Jeremy Paxman’s droll look at the royal offspring was the most entertaining thing on Channel 5 in years

Paxman on the Queen’s Children
Channel 5
★★★★☆

Documentaries about our incumbent royal family tend to fall into one of three camps: the Buck House puff-docs that show us the charitable work our good Windsors do; the scurrilous Channel 4 ones implying how the horrible old firm used to treat inconvenients (“Kanga” Tryon, say, or Diana); and the clip-heavy, mildly gossipy canters through a royal’s love life (most recently, Princess Margaret’s).

The ones in the last group are the most watchable because, let’s be honest, what the great British public — tabloid readers and The Crown viewers alike — get off on when it comes to royalty is the sheer soap opera of it all. Yet, as Paxman on the Queen’s Children is showing, they need a certain presenter — someone who can combine mild disdain and amused incredulity to the point of out-and-out comedy — to make them really fly. Such as, indeed, Jeremy Paxman.

“Charles, Anne, Andrew and Edward were conceived and born in the same way as most of us, but let’s be frank . . . they’re different,” began the old inquisitor, wearily and correctly. Later, he listened to a Nolan sister’s 1970s pop ode to Prince Andrew, Andy (By Coleen), declaring with a look of disbelief: “It is absolutely appalling!” With politics off his back, Paxman seems to be having a lot more fun — and at one point even lay back on the sofa with his interviewee to gawp at old photos of Charles with his top off.

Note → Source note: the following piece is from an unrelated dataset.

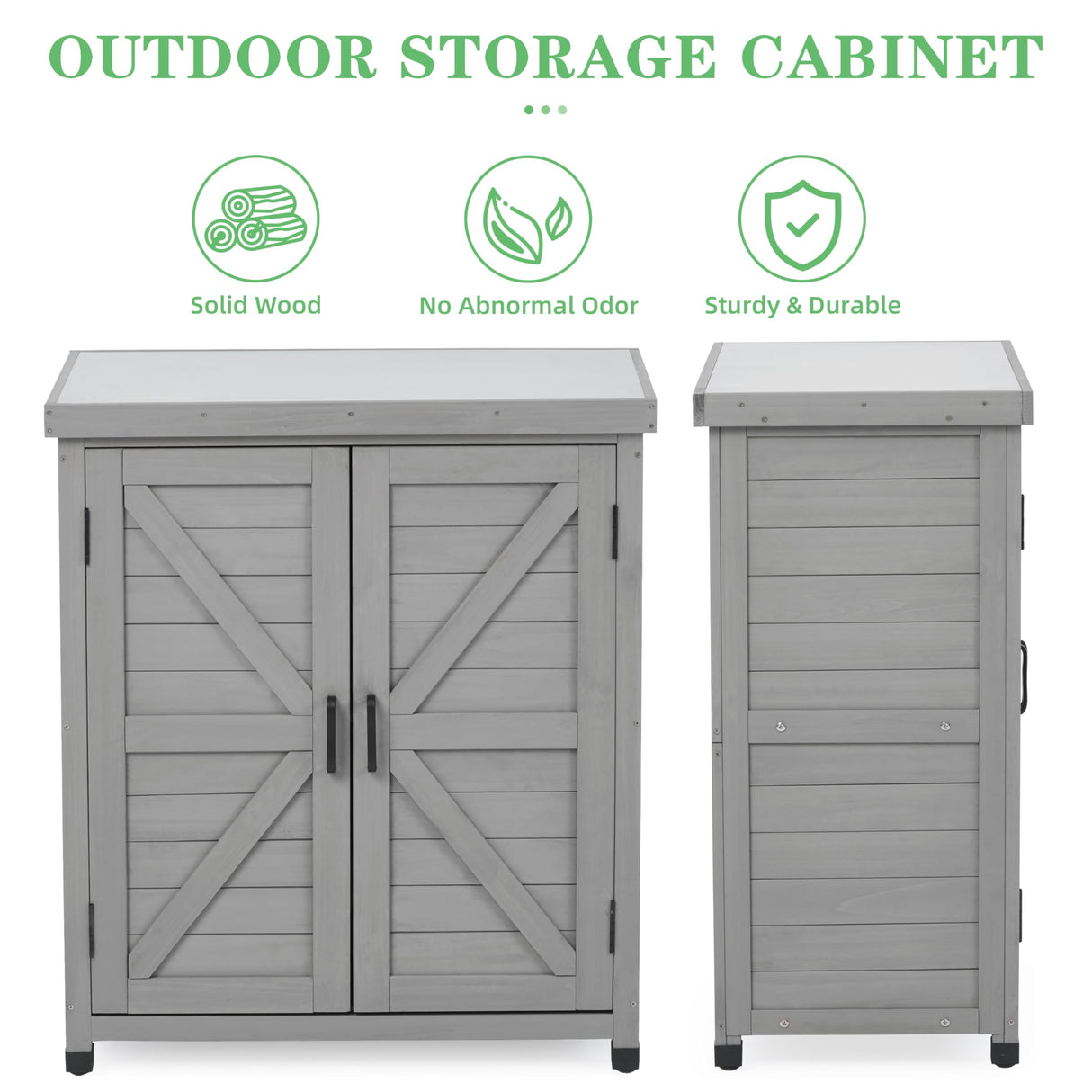 Outdoor Potting Bench with Storage Cabinet and Metal Top, Wood Workstation for Outdoor Patio, Garden (Classic Grey, 31x17x36‘’) Wood-Natrl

Paxo is no longer a sneery republican, though, and his overall point was a sympathetic one: Charles and siblings were paraded for the cameras from birth as a kind of PR experiment, so it wasn’t their fault that their inevitable romantic mistakes became “a blood sport on the front pages”. Of course, analysis of said blood sport provided all the levity here too.

The young royals were stuck in an impossible situation, between toeing the Palace line and having a libido. “Princess Anne too?” Paxman asked, eyebrows shooting up, of the suggestion that Anne “had a lot of fun” as a hot horsey babe. There was also the royally minted anecdote from Charles’s uni pal that the prince — ever the joker — was so unimpressed by his potential brides that he quipped: “Shall I go gay?”

Amid this feast of epigrams and insights, or “randy Andy” and Koo — this really was the most entertaining thing on Channel 5 in some time — was it wrong to start feeling an odd nostalgia for the good old days of naughty love lives and the ridiculous It’s a Royal Knockout (“Fergie’s team just cheated from minute one,” we heard)? Days before the Palace PR machine got that much slicker and the royals that much more vanilla. Philip aside, that is.

Either way, you were left wondering what the “royal foursome” would make of Paxo’s opening assertion that: “Years of interviewing people making their way up the greasy pole of politics has led me to the conclusion that the job of representing the country should be kept out of the hands of those who want the job.”